For generations, analysts have struggled with the term “statistical significance.” Traditionally, this meant we didn’t have enough data to make a useful inference. Most data starts to take on a discernible shape of predictability – what statisticians refer to as a distribution – after 30 samples. We know small sample size can lead to bad conclusions, an easy trap to be lured into.
From his experience, my dog believes cats live in trees. How often do we interact with others and draw the wrong conclusion?
— Don Dingee (@L2myowndevices) July 31, 2013
Big data lies ahead with 30 million or 30 billion samples, and we now have the opposite problem: too much data to make sense out of. Why did we want big data, again? Pop culture heroes like Nate Silver and the NSA will produce headlines with it. For the rest of us, the answer lies in the search for significance.

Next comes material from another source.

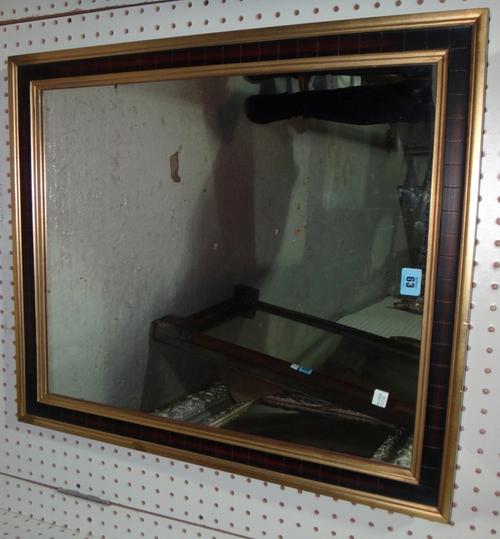 A 20th century rectangular gilt and ebonised wall mirror.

Data has always been out there, coming and going somewhere, but the connection, storage, and retrieval mechanisms were limited. Our personal, direct encounters and recollection plus what we could painstakingly store and retrieve on paper or celluloid helped. The huge breakthrough cane in real-time data broadcast from across the world, primarily from newspapers, radio, and TV. We anxiously awaited new data daily to expand, alert, and entertain. The content wheel was spinning.
News was at first significant, but entertainment turned out to be easiest to monetize. With the real-time channels opened by the media outlets, bigger pipes were needed for more content. Networking, telecom, search engine, and storage firms prospered as technology found ways to store, access, transport, and deliver everything people could ever want.

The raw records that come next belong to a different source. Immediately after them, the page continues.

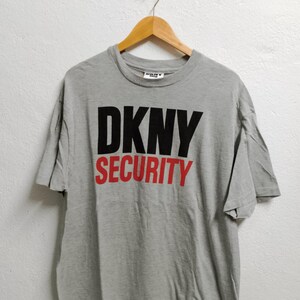 May include: Grey t-shirt with black "DKNY SECURITY" text printed on the front.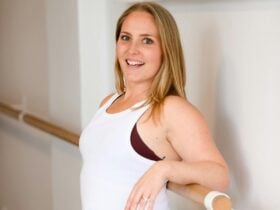 A bright happy pilates instructor with honey blonde hair and white singlet top smiling
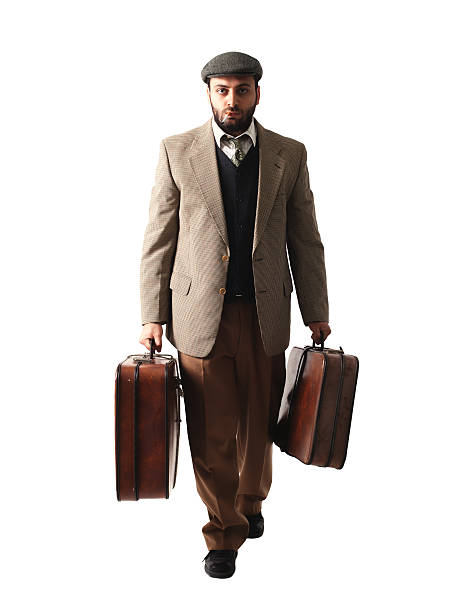 istock Emigrant man with the suitcases 474617468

The idea of significance shifted again. Real-time turned into on-demand, and people view the stream of incoming data differently. Breaking news most of the time isn’t, and grabbing and holding our attention with so-called news is getting more and more difficult. In the background, everything is captured and stored somewhere, searchable and ready for playback. Data becomes significant when we are ready to consume it, not necessarily when the producer provides it.

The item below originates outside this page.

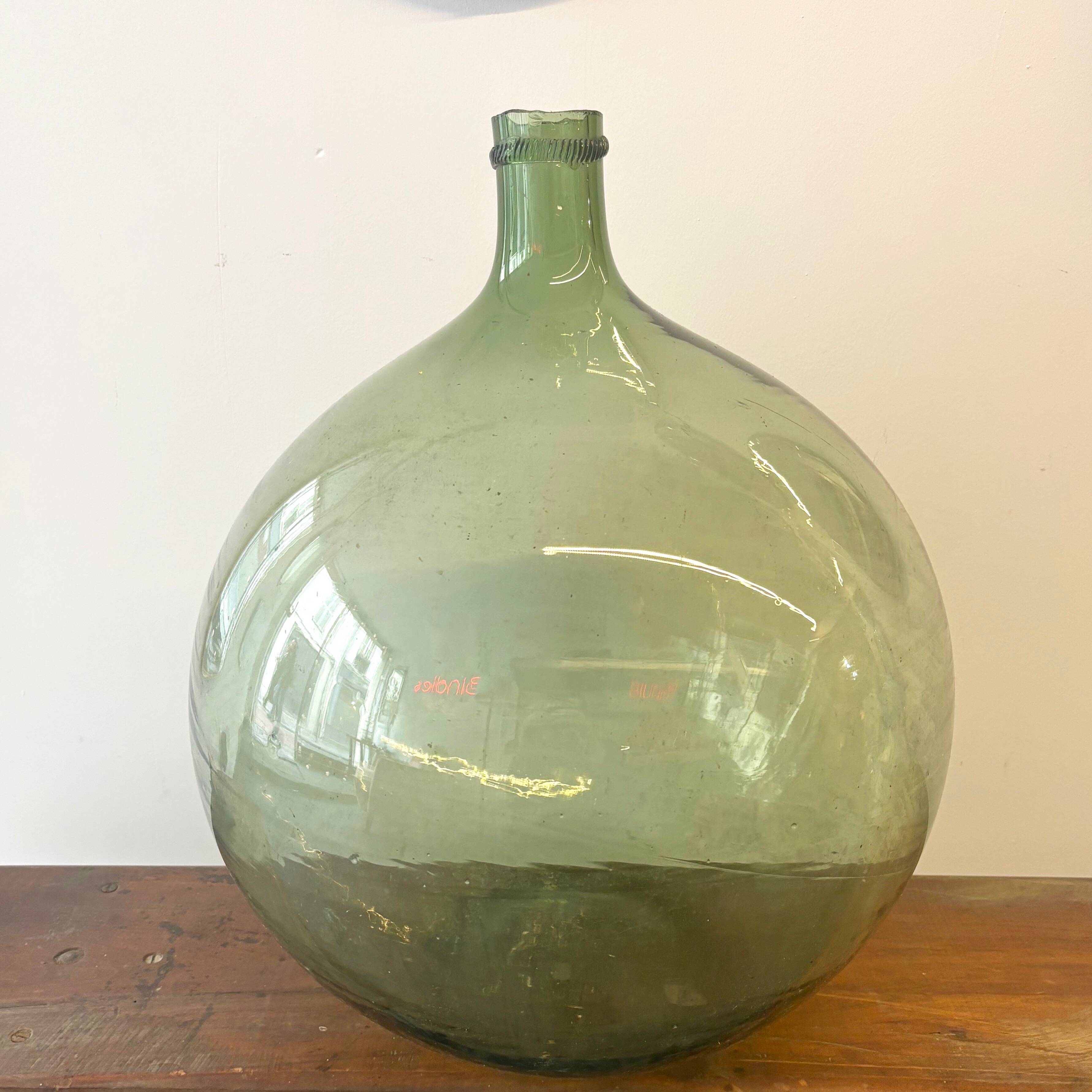 Fat demijohn in old blown glass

An interesting example comes from baseball, which has shifted from a game of skill and intuition to a business of analysis and prediction. The 43rd SABR Convention, the annual gathering of practitioners of sabermetrics, this week produced a fascinating observation:
— sabr (@sabr) August 3, 2013
What does a 50x increase in available data do for baseball? For fantasy baseball, all that data is lifeblood. For those tasked with evaluating and acquiring talent, more data can help. The game itself is still played between the lines, with the unpredictability of human behavior, and the element of chance – there are no guarantees, but data points to the likely possibilities.
The funny part about big data is if someone else has it, and we don’t, we could be at a disadvantage. Fear propels us to try to gather data and define uncertainty, even if the attempt opens a giant can of jumping beans. Borrowing the lost words of Sammy Hagar in Van Halen’s “Big Fat Money”, updated to today’s situation where data is money:
Where’s it gonna come from? Who’s it gonna go to?
I ain’t beatin’, but I’m bein’ eaten by data, oh yeah, big, big data.
Now, gimme, gimme, gimme , gimme, gimme some of that big data.
The whole point of statistics is to improve our chances of making the right choice at the right moment. Winning means blending our experience with the correct and timely analysis of all that stored data combined with a rapid and accurate evaluation of new data coming in, much of which is increasingly routine and thereby insignificant.
We are now building the Internet of Things, generating even bigger data – so much data, we won’t ever be able to look at it all. Billions of devices will produce a non-stop stream of stuff, much of it whisked off to some disk drive, and data scientists will be bringing bigger and bigger data analytics tools and algorithms to assess it. Significance will come from exception handling, spotting new samples that don’t fit an understood trend of goodness, and alerting us to do something.
In the age of zettabytes and beyond, big data isn’t what we’re looking for. It’s mostly “telef***in’ teletrash” as Hagar put it, if no analysis is applied. We are looking for small, somewhere in the big being saved and statistically studied. We are searching for one piece of information that could tell us our health is changing and we should seek help, or we should change speed or direction to avoid a collision, or when to prevent a brownout by dialing back a few thousand air conditioners a couple of degrees, or how to spot some malfeasants based on who they have been calling or texting.
The Internet of Things will cause another shift, back to little bits of otherwise big data being significant when they say there is a problem developing – whether we notice it, or not. Big data, applied across billions of devices and a timeline of similar stored experiences, will bring little data back to us when and where we need it.